〇、本论文需要有的基础知识
- 目标检测:了解传统目标检测的基本技术路线(如anchor-based、非最极大值抑制、one-stage、two-stage),大致了解近两年的SOTA方法(如Faster-RCNN)
- Transformer:了解Transformer的机制,知道self-attention机制
- 二分图匹配:了解图论中的二分图匹配,知道匈牙利算法
一、 摘要核心点
1. 相比传统路线:去掉了很多手工设计模块(hand-designed):如非极大值抑制、anchor的设计
这些手工设计的模块里均为人为对task先验知识的一定程度上的“先验的编码(encode)”
2. DETR核心内容:
a set-based global loss → forces unique predictions via:
(a) bipartite matching, and
(b) a transformer encoder-decoder architecture.(本文用的Transformer网络是non-autoregressive非自回归的)

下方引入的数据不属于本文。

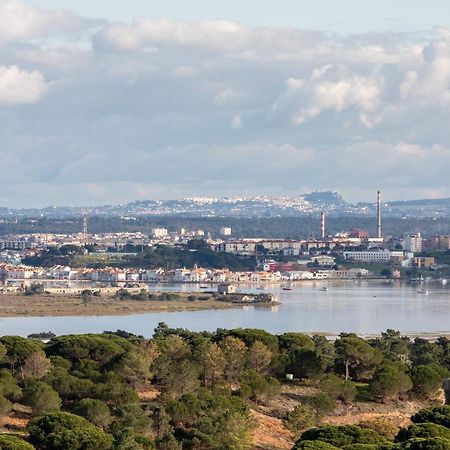 אלמאדה Cristo Rei Flat - Great Views By Homeful Homes מראה חיצוני תמונה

关于非自回归的介绍可以参考https://zhuanlan.zhihu.com/p/82892975
3. DETR能做到的事:
· 输入: a fixed small set of learned objects queries
· DETR输出:
(a) the relations of the objects
(b) the global image context to directly output the final set of prediction in parallel
4. 流程架构示意图:
更细节一些的流程架构示意图↓:
二、 正文
1. 首先定性object detection问题为set of prediction
2. 整个网络设计是端到端(end-to-end)的,然后用一个“集合”损失函数(set loss function)来训练,这个损失函数描述预测框和ground-truth框之间的二分图匹配( performs bipartite matching between predicted and ground-truth objects)来训练
3. DETR仅仅是架构上的创新,并没有创新独有的层(就好像resnet创新了跳连,DETR没有在layer这个层面进行创新)

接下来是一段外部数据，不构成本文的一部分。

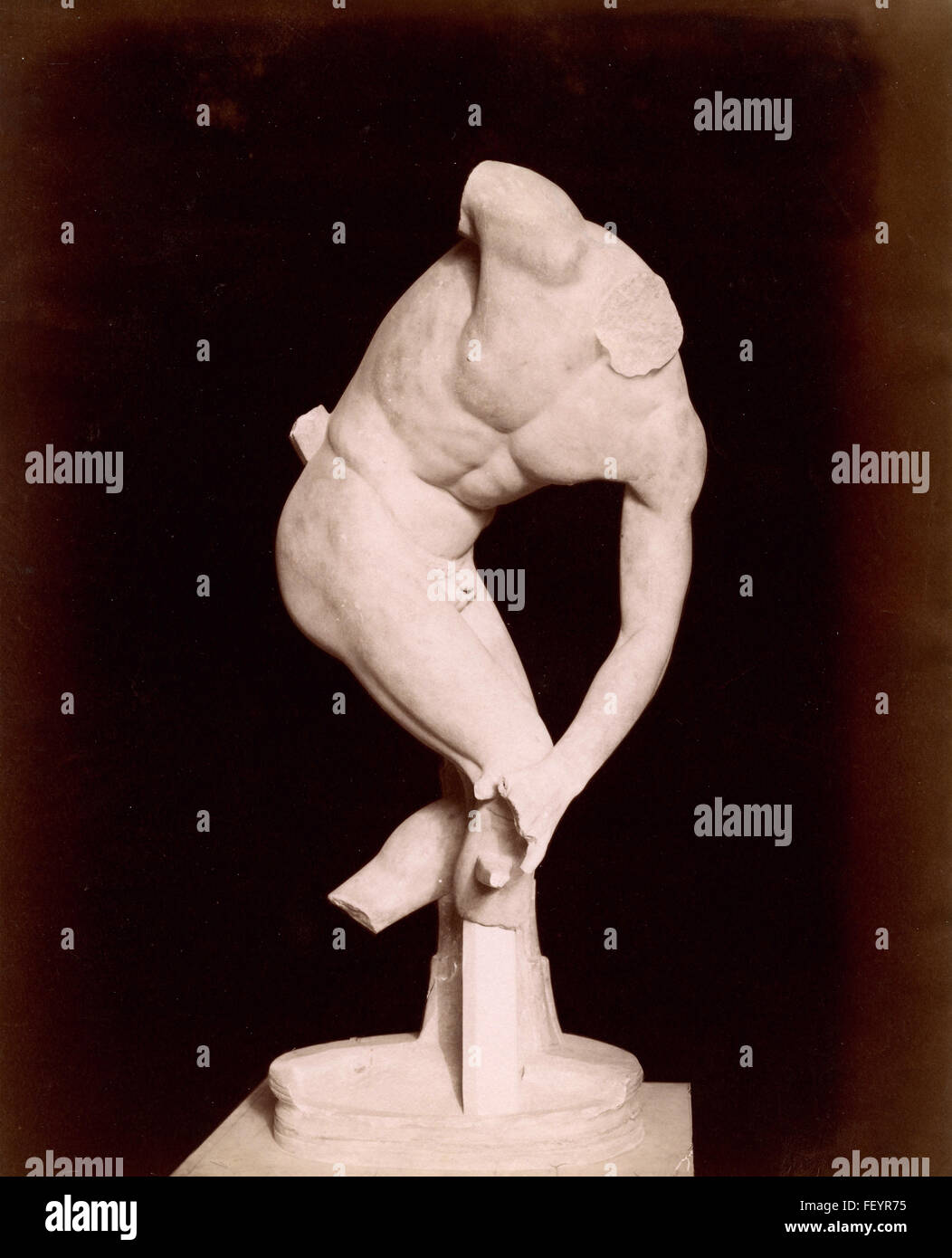 Restos de estatua romana Foto de stock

4. DETR用的“匹配”损失函数(matching loss function)将预测框“一一分配”给ground-truth框(uniquely assigns a prediction to a ground truth object,这里的“一一分配”正是bipartite matching的本身含义);而且能保证对预测对象的排列顺序保持不变(这也是用二分图匹配建模的原因,这里特指无向二分图)(uniquely assigns a prediction to a ground truth object)→这是能够并行化预测的一个原因
“matching”这里是图论里的概念,可以参考https://www.renfei.org/blog/bipartite-matching.html
5. 对于建模为“Set Prediction”(“集合”预测)的考虑:
通常“集合”预测任务是一种多标签分类问题。多标签分类问题的解决方法通常是“one-vs-rest”(“一对多”,one-vs-rest,又称one-vs-all, 这里指的是将label的类别作为“一”,将其余类别当做一个整体作为“多”,进行训练),这种方法不适用于“元素”间有底层关系结构的情况(“元素”e.g.几乎一模一样的预测框)(does not apply to problems such as detection where there is an underlying structure between elements (i.e., near-identical boxes)。这个方法会导致大量几乎一样的结果的情况(near-duplicates),传统的目标检测方法会用后处理(如非极大值抑制)来解决这个问题(成堆的近乎一样的预测结果),但是如果是建模为set prediction就不用这些后处理。set prediction需要在全局上有个策略来对这些“元素”之间的关系建模,来避免预测过多的无用、复制的结果造成冗余。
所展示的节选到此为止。